▶ **Work task**: Among the lines below, copy exactly those from the one with "דירות שדמות דבורה" through the one with "Cité de Carcassonne", counting both ends.

▶ **Entries shown**:
——————————

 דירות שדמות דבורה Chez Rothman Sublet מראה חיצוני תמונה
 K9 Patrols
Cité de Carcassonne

——————————

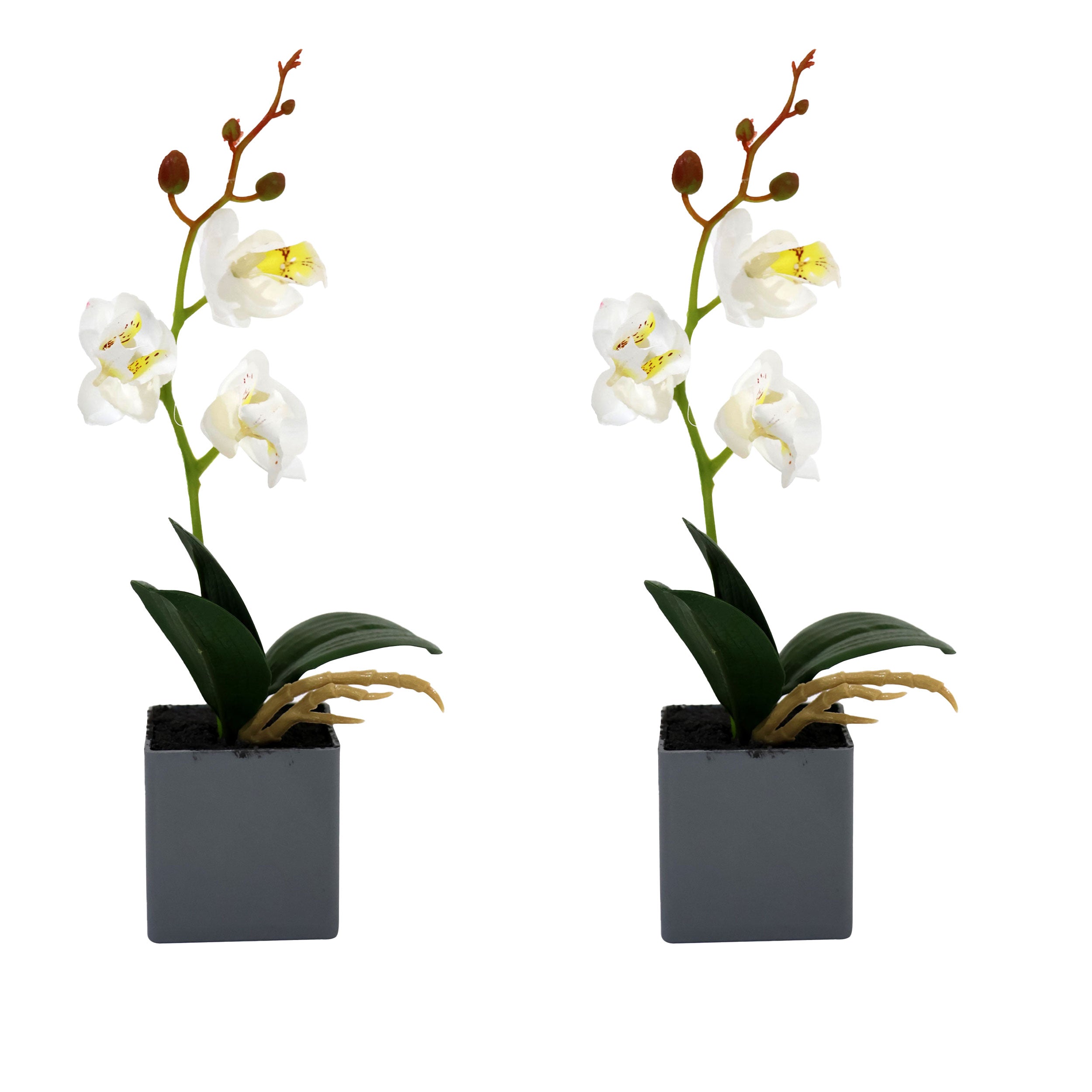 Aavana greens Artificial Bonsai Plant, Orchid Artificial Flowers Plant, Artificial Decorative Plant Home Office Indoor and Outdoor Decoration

——————————

▶ **Solution for this problem**:
 דירות שדמות דבורה Chez Rothman Sublet מראה חיצוני תמונה
 K9 Patrols
Cité de Carcassonne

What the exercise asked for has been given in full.